USE ALTERNATIVES TO PESTICIDES
Chemical pesticides may seem like the easiest approach to killing wasps, evicting fire ants or ridding your yard of poison oak. For most of these there are safer, pesticide-free alternatives. All insecticides are non-selective and even if you only mean to kill a wasp you could end up killing beneficial insects such as butterflies and bees. Roundup and other herbicides can also affect pollinators by killing off essential nectar plants such as clover.
If fire ants have invaded your yard, pour hot water over the mound. The water does not have to be boiling hot and it may take 3 to 4 applications to kill the colony, using 3 to 4 gallons per application. Warning: Hot water may cause severe burns if spilled and it will also kill any nearby grass or shrubs.
Having trouble with mosquitos? Try planting mosquito repelling plants around your outdoor living space such as garlic, citronella, basil, rosemary and catnip. These work great in containers and some even attract pollinators.

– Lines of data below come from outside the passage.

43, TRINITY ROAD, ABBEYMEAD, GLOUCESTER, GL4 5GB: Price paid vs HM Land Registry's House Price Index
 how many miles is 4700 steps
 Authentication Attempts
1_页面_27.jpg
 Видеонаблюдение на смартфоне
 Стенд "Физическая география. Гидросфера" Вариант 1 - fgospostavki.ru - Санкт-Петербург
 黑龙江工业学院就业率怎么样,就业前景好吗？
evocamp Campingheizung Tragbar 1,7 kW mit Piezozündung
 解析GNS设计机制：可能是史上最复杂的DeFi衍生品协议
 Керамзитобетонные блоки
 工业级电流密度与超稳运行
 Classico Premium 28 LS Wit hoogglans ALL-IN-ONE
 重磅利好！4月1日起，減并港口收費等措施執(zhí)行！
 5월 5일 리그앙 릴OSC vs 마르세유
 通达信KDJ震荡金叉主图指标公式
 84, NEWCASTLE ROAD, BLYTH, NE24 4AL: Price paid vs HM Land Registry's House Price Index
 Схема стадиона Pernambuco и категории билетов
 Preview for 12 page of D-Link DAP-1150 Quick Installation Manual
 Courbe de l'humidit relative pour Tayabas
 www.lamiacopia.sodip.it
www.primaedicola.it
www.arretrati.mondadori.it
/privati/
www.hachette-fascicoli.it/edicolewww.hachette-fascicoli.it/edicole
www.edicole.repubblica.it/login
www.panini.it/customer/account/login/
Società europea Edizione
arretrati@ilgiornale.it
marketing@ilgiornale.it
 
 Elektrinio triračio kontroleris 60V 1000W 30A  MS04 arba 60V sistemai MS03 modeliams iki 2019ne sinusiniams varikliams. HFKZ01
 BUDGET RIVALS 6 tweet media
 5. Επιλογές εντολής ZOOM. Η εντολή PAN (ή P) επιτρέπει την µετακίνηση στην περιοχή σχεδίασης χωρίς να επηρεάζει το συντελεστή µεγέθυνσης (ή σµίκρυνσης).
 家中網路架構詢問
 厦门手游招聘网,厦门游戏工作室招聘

Both poison oak and ivy spread by seed and through an underground root system. The most effective way to remove the infestation is by pulling out the plants roots and all. You can also starve the root system by cutting plants that are climbing trees at the base. It may take several rounds but eventually the roots will die. You can also smother them by covering the area with a thick plastic sheet that is anchored by dirt along the edges. Make sure to use plastic that won’t break down through exposure to sunlight.
PLANT NATIVE FLOWERS
It’s not too late to plant flowers for the fall. You can directly plant seeds of quick-growing native flowering annuals like cosmos, sunflowers and daisies to add an extra bit of color to your fall garden. These plants also provide late-season pollen and nectar sources. Bringing native plants to the garden is especially important because they are specifically designed to support wildlife native to the same region. Ornamental exotic plants may not be able to provide enough nectar or pollen or may even be inedible to caterpillars.
PLANT AN HERB GARDEN
Even if you don’t have a lot of space, you can always plant a container herb garden. Ignore kitchen wisdom and let basil and other herbs go to flower. It is amazing how many pollinators one or two flowering herb plants can bring. Other good choices are oregano, lavender, cilantro and thyme. All of these can be grown from seeds planted directly in soil.
BE A CITIZEN SCIENTIST
You can help keep watch on our native pollinators through several citizen science projects. Bumble Bee Watch (www.bumblebeewatch.org) asks participants to photograph bumble bees and upload the photos to their website. The Monarch Larva Monitoring Program (www.mlmp.org) asks volunteers to collect data on Monarch populations and milkweed habitats.
BE A MESSY GARDENER
A messy garden is the best habitat for native pollinators. Many bee species are solitary ground-nesters and dig their nests in bare soil, which can be difficult to get to f mulch is in the way. Ground nesting native bees are not aggressive and are beneficial insects to have in your yard. Even the more aggressive social insects such as yellow jacket wasps are important pollinators that also prey on other insects in our gardens keeping nature in balance. For species that like to nest in cavities, leave dead trees and fallen logs for nest sites and minimize pruning of pithy shrubs such as hydrangea. You can also buy or build bee houses and shelters to add to your garden.
MAKE A BUTTERFLY SPA
Make a butterfly spa. Butterflies love water but they only want it deep enough to wade in like a shallow puddle. They are also attracted to certain minerals such as those found in sand. To make a butterfly spa, take an old plate, pie dish or shallow ceramic bowl and sink the dish into the ground in a sunny spot in your garden or place it on your patio. Add sand or dirt to the bottom with enough water to make a small mud puddle. Place marbles or flat stones in the dish for the butterflies to land on. Add water daily to keep the sand or dirt constantly damp.
START PLANNING FOR FALL
Fall is the best time to add trees and flowering shrubs to your garden. While your garden is in bloom it is also the best time to start planning what you want to add next year. This way you can visualize where to bring in perennials to diversify your garden as well as spot good places for annuals and new trees and shrubs. This is also a perfect time to start seeds for perennials for next spring. You can transplant the seedlings in the fall to overwinter and create a bright and colorful spring to attract early pollinators. Pick native wildflowers because they are better adapted to the North Carolina climate than exotic plant species. They require less maintenance and are more attractive to native pollinators.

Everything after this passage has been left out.